Exercise goal - Could you reproduce the lines below from the one with "en el primer o segundo molar permanente." through the one with "tubo o doblar hacia gingival."? Keep both ends and add nothing.

Start of Listed entries

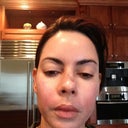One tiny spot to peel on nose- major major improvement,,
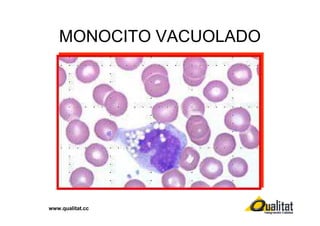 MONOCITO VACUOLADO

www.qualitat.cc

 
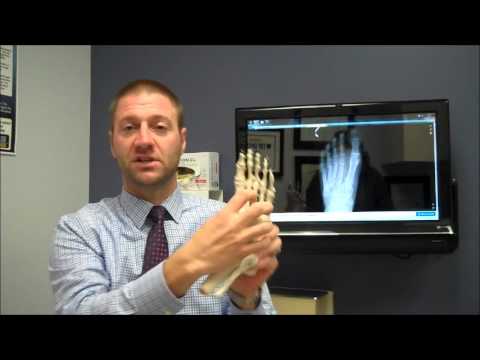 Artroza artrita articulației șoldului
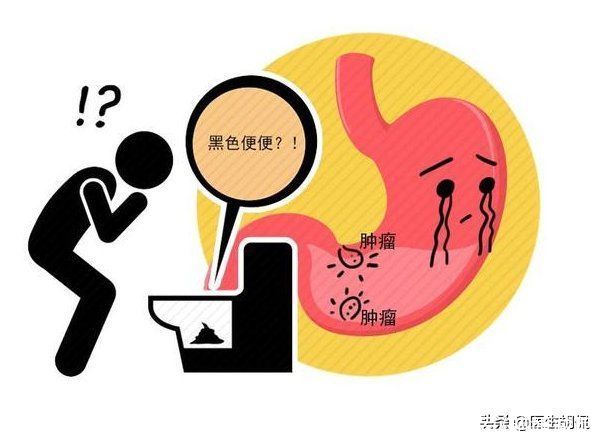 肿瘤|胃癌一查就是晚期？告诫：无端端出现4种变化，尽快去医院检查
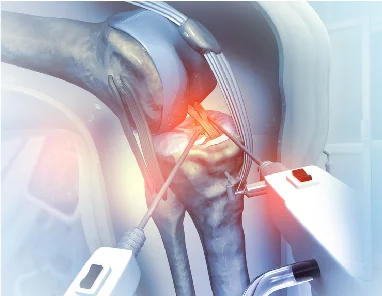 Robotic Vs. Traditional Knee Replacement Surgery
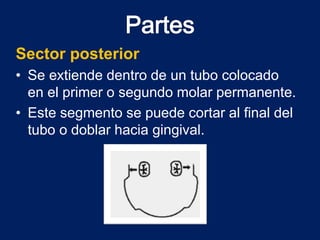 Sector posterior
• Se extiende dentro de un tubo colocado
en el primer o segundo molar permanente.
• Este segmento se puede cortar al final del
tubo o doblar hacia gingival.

End of Listed entries
Start of Listed entries

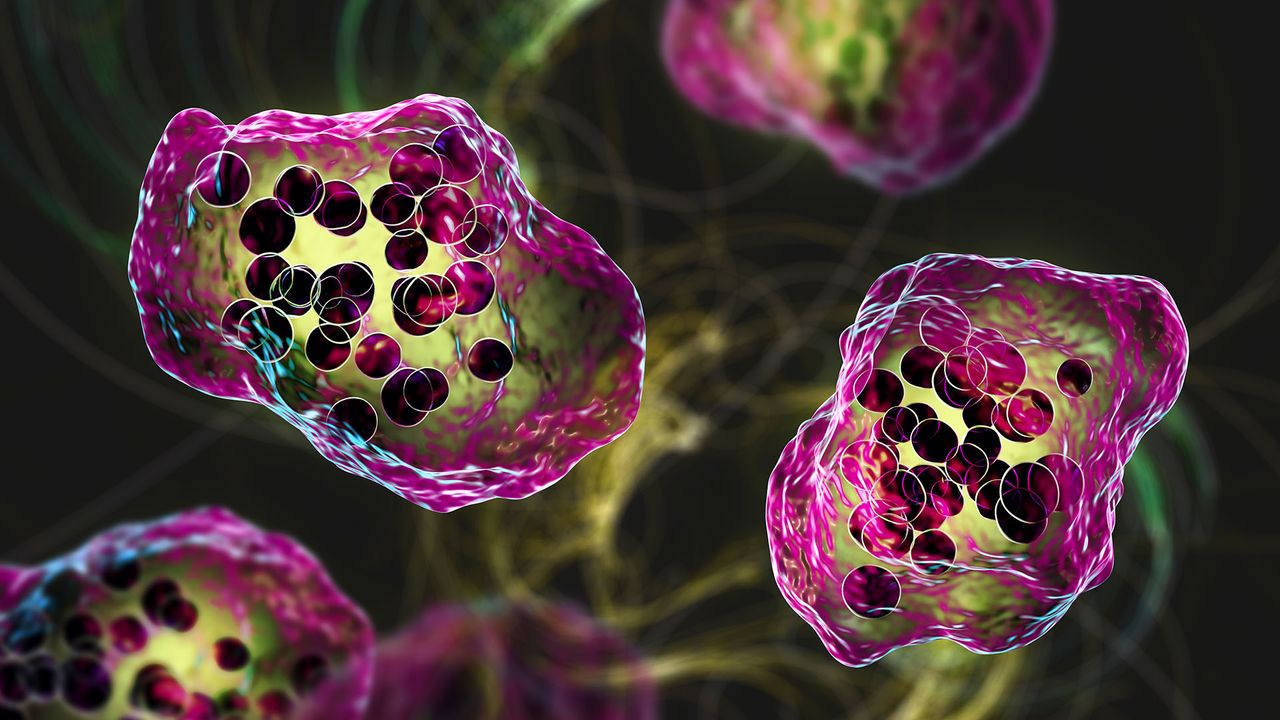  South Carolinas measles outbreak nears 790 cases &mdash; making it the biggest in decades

End of Listed entries

Exercise result -
en el primer o segundo molar permanente.
• Este segmento se puede cortar al final del
tubo o doblar hacia gingival.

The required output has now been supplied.